▶ **Data segment**

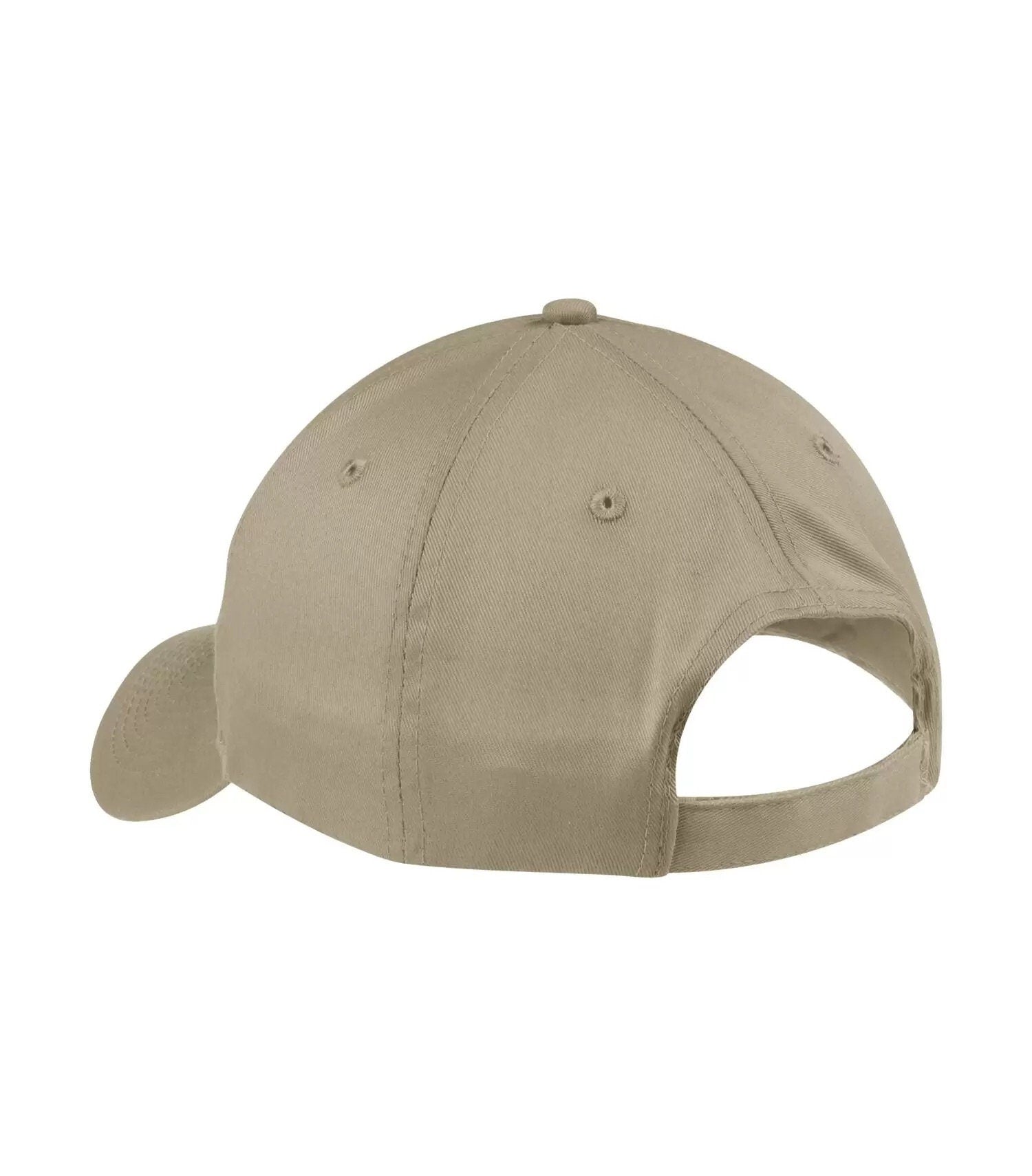 Custom text or logo hat - Quantity discounts available - Basic hats - personalized hats - Baseball hat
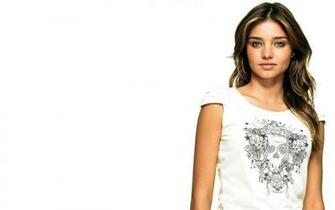 Miranda Kerr Hot HD Wallpaper High Resolution Pictures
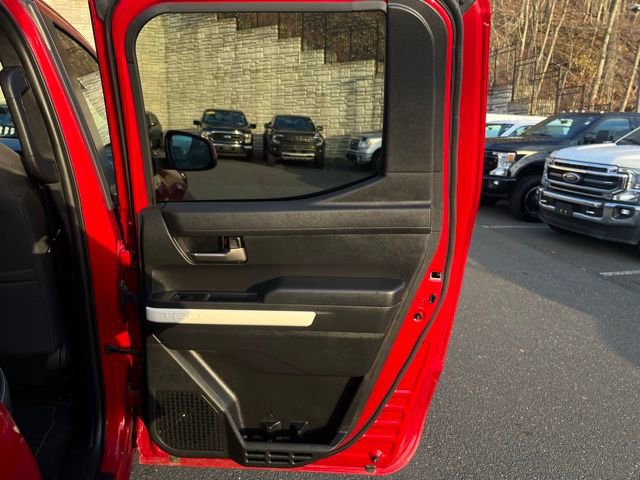 Used 2024 Toyota Tacoma TRD Sport image 20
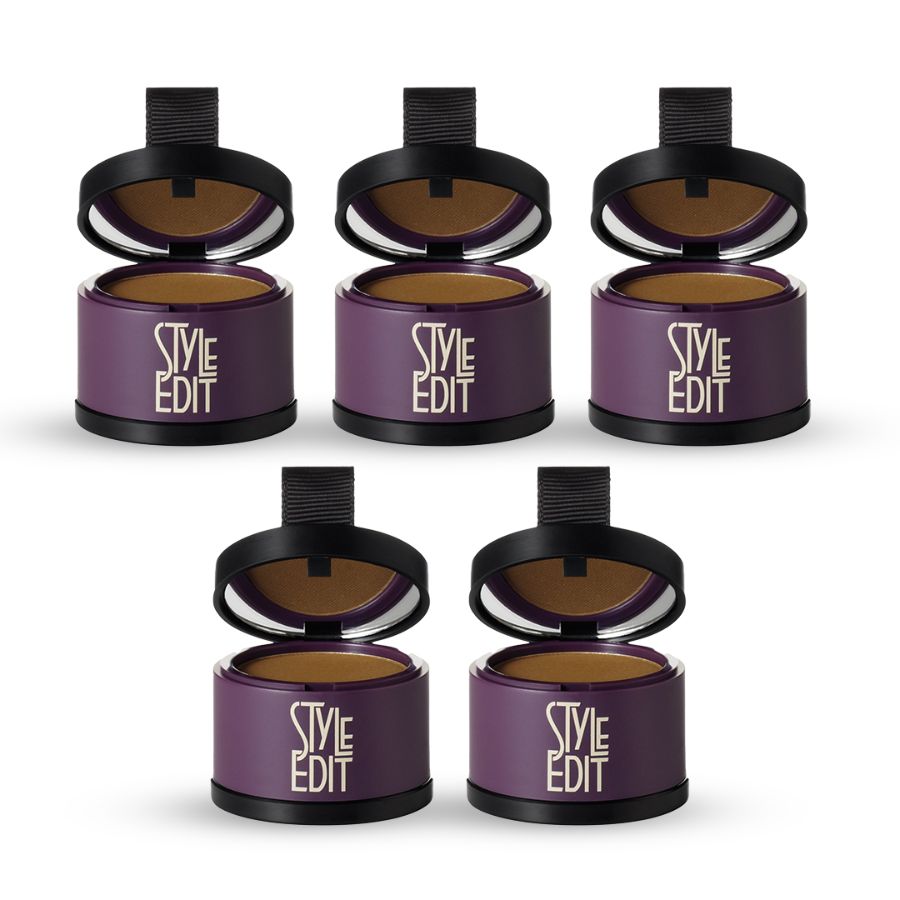 Root Touch-Up Powder by Style Edit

▶ **Work item**
Leave the pictures out and transcribe the remaining material exactly.

▶ **Response to this exercise**
 Custom text or logo hat - Quantity discounts available - Basic hats - personalized hats - Baseball hat
 Miranda Kerr Hot HD Wallpaper High Resolution Pictures
 Used 2024 Toyota Tacoma TRD Sport image 20
 Root Touch-Up Powder by Style Edit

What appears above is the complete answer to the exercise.